Lectures | CCP 2012 Lecture Series

Join CCP for the 2012 Lecture Series, surrounded by the exhibition CCP Declares: On the Nature of Things, curated by Kyla McFarlane. Entry by gold coin donation.


Hear from internationally renowned artists Richard Billingham (UK) and Anne Noble (NZ); Kim Simon, Curator of Gallery TPW, Toronto and Sandra Barnard (NSW), one of Australia’s formost fine art hand-printers.

Thursday 23 August 6pm
RICHARD BILLINGHAM (UK)
Artist talk

UK artist Richard Billingham speaks about his photographic, film and video practice.

Richard Billingham graduated from Sunderland University, UK in 1994 with a degree in painting. In 1994, whilst still a student, some photographs he’d made originally as research for his paintings were included in the exhibition Who’s Looking at the Family? at the Barbican Art Gallery, London. In 1997 he was the first recipient of the The Citibank Private Bank Photography Prize (now the Deutsche Borse Photography Prize) and his work was subsequently included in Sensation at the Royal Academy, London. Gradually he gave up painting to make photographs and to experiment with video and film. In 1998, BBC2 screened his filmFishtank and in 2001 he was nominated for the Turner Prize. In 2007-8, the Australian Centre for Contemporary Art, Melbourne presented a survey exhibition of his photography and video work.

Thursday 30 August 6pm
KIM SIMON (CA)
Curating Sticky Images in the context of TPW

Kim Simon will introduce Toronto’s Gallery TPW and share a thread of her curatorial work investigating an ethics of showing and looking, in relation to the aesthetics of troubling images. Simon will discuss her exhibitions and discursive programs looking at work by Polish artist Artur Zmijewski, American documentary photographer Eric Gottesman, filmmaker Renzo Martens, and a group exhibition looking at the relation between difficult knowledge, narrative abstraction, affect and thought in works by Chanarin and Broomberg (UK), Jannicke Laker (Norway), Ken Gonzales-Day (US), John Moore (US) and Paolo Canevari (It).

Kim Simon is Curator of Gallery TPW in Toronto. Founded in 1980 as a non-profit venue for photographic practices, Gallery TPW is committed to a media-specific but now expanded mandate, addressing the vital role that images play in contemporary culture and exploring the exchange between photography and time-based media.

Wednesday 5 September 6pm
SANDRA BARNARD (NSW)
In conversation with Naomi Cass, CCP Director

Fine art hand printer Sandra Barnard will speak about the relationship between a printer and the artist, in conversation with Naomi Cass, CCP Director.

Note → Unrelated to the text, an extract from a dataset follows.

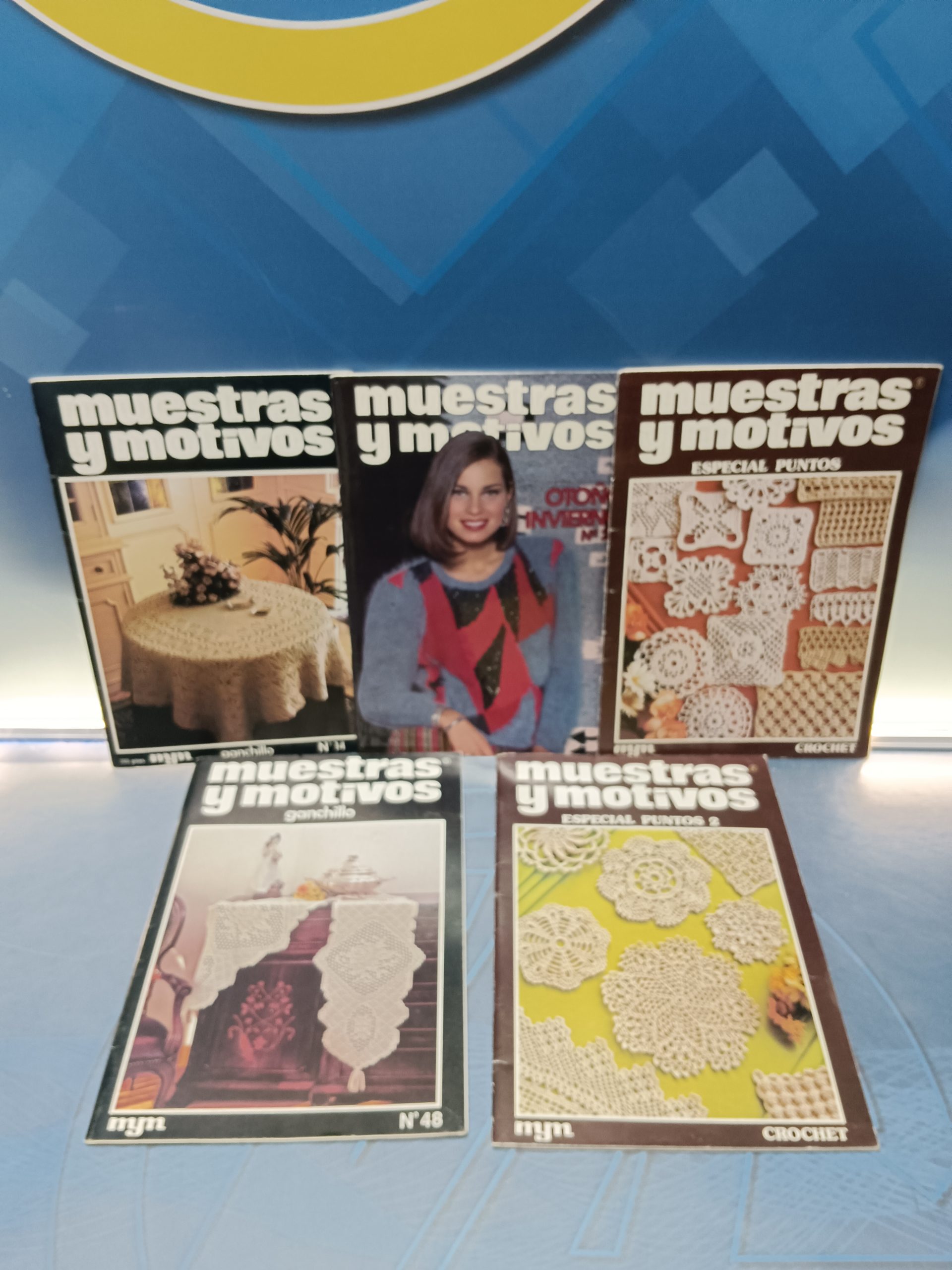 5 REVISTAS, MUESTRAS Y MOTIVOS CROCHET. ESPECIAL PUNTOS. 1 Y 2 Y 3 NUMEROS-GANCHILLO. GRAPA.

Sandra Barnard has been a professional photographic printer for thirty years. About 15 years ago she began to encourage artists to become more involved in the production of their work. Her artists include Brook Andrew, Simryn Gill, Rosemary Laing, Janet Laurence and Jacky Redgate. Working mainly from film-based originals and printing optically in a darkroom in both colour and black and white, Barnard prints on a variety of different materials, often at large scale and sometimes crossing to digital for certain requirements.

Wednesday 12 September 6pm
ANNE NOBLE (NZ)
Artist talk

Anne Noble’s photographic project, Whiteout is positioned in inverse relation to the grand and heroic conventions of Antarctic representation. An extended series of photographs of changing light in flat white space proposes an aesthetic of fragility rather than grandeur and an experience of Antarctica relevant to contemporary rather than historical relationships to place.

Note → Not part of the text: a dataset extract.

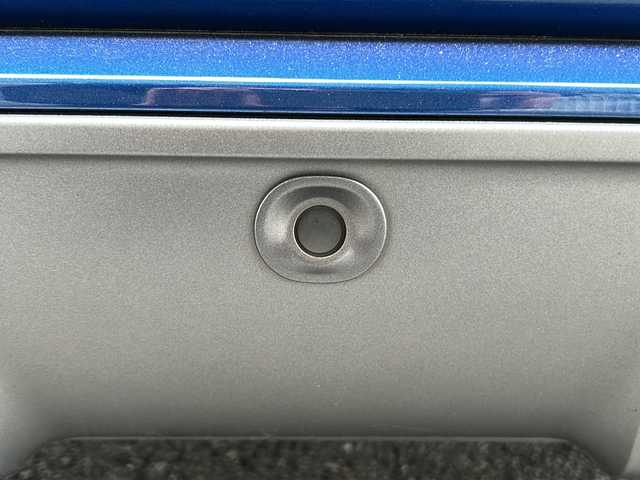 スマート ＭＣＣ スマート フォーツークーペ BRABUSスポーツ 京都府 2018(平30)年 4.3万km 白Ⅱ Panasonicナビ/・フルセグTV /BT Audio/バックカメラ/クルーズコントロール/ETC/ガラスルーフ/衝突軽減装置/車線逸脱防止装置/コーナーセンサー/アイドリングストップ/パドルシフト/シートヒーター/ステアリングスイッチ/純正フロアマット/保証書＆取説/ナビ取説/スペアキー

In a discussion of her Antarctic projects Noble will reflect on how photography informs our relationships to place. In addition she will talk about her current role as Australia and New Zealand curator for the 2013 Photoquai Biennale and some of the challenges for contemporary documentary photography now.

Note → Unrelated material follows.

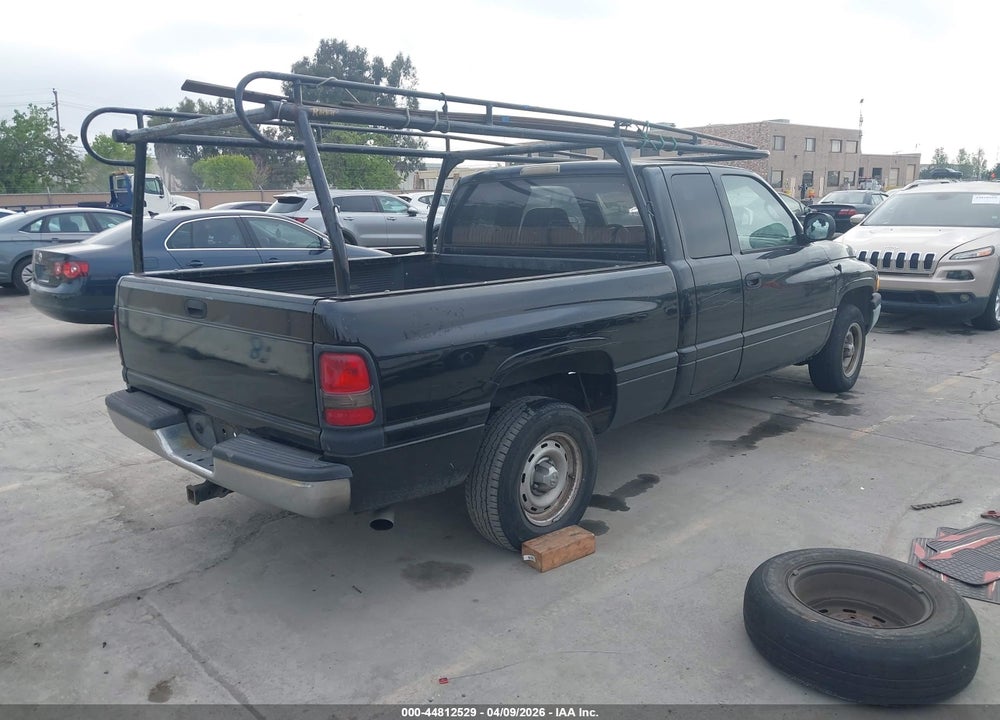 2000 DODGE RAM 1500 ST VIN: 1B7HC13Y3YJ171929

Anne Noble is Professor of Fine Arts (Photography) at Massey University, Wellington, New Zealand. She is one of New Zealand’s most respected photographers. Her work is widely exhibited internationally in the United States, Spain, Germany, France and Australia and is held in numerous international collections. In 2003 she was awarded the Order of Merit for services to photography in New Zealand.